In comparison to pure Rifabutine, the inclusion complex had shown improved drug dissolution rate,
which might be due to the novel arrangements between Rifabutine and HPß-CD. Figure 1 depicts the in vitro dissolution profiles of Rifabutine from solid dispersions containing various drug ratios to PEG 4000 in which batch ES4 had obtained max % drug release (97.03±0.23). Figure 2 depicts the in vitro dissolution profiles of Rifabutine from solid dispersions containing various drug ratios to Mannitol, and batch CS4 has obtained max % drug release (96.83±0.23). Instead of Rifabutine alone, the rate of dissolution of Rifabutine from all PEG 4000 (Table 3) and Mannitol (Table 4) SDs was significantly higher. A physical mixture of Polyethylene glycol also showed improved dissolution profile of Rifabutine because of its hydrophilic nature but not to that extent as by solvent evaporation method and kneading method (Table 5).
The enhancement in dissolution could be occurred due to reduced size of particles of Rifabutine and hence lead to the improvement in drug wettability and eventually the significant improvement in dissolution. Rifabutine kneaded with the polymers in solid dispersion state due to which it was turned into an amorphous form or may be changed crystal form might change the different physicochemical properties. Figure 7 depicts the in vitro dissolution profiles of Rifabutine from inclusion complexes containing different ratios of drug to HPß-CD (Table 6), in which batch AS1 had shown max % drug release (97.45±0.77). The in vitro dissolution profiles of Rifabutine from ICs containing different ratios of drug to ß-CD (Table 7) has shown in Figure 8, in which batch EK5 had obtained max % drug release (95.12±0.81).

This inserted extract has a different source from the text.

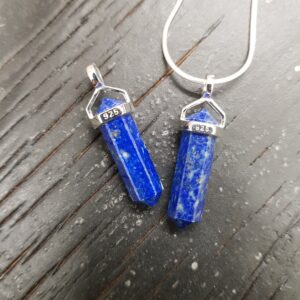 Two Lapis A- Grade Double Terminated points (dark blue with gold flecked facets, with points at both ends), on a silver chain, on a dark wooden board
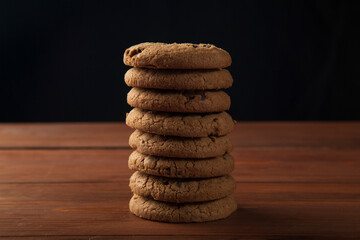 Oatmeal cookies with chocolate on the table and on a dark background.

In case of the physical mixtures, the little enhancement insolubility in comparison to pure Rifabutine is because of the wetting effect of HPß-CD or due to the rapidly formed ICs in the dissolution medium. Incidentally, due to the hydrophilicity of the exterior surface of HPß-CD, it has surfactant-like properties which can reduce the interfacial tension between the dissolution medium and poorly soluble drugs, hence resulting in higher solubility.
Conclusions
Different methods in different ratios have been used to prepare Inclusion complex with cyclodextrin. It was concluded that the AK1, i.e. kneading method, has shown the better enhancement in solubility when compared with physical mixing method & the solvent evaporation. Similarly, different methods in different ratios have been used to prepare the solid dispersion with Mannitol and polyethene glycol and observed that there was a better enhancement of solubility by using solvent evaporation (CS4) method in comparison to the physical mixing and kneading method. When both the methodologies were compared, a significant improvement in dissolution profile was observed in Inclusion complex method. Hence, the ICM (Inclusion complex method) was found to be considerable. The kneaded method (AK1) had shown the highest drug content and % inclusion yield.
Conflict of Interest
The authors declare that they have no conflict of interest for this study.
Funding Support
The authors declare that they have no funding support for this study.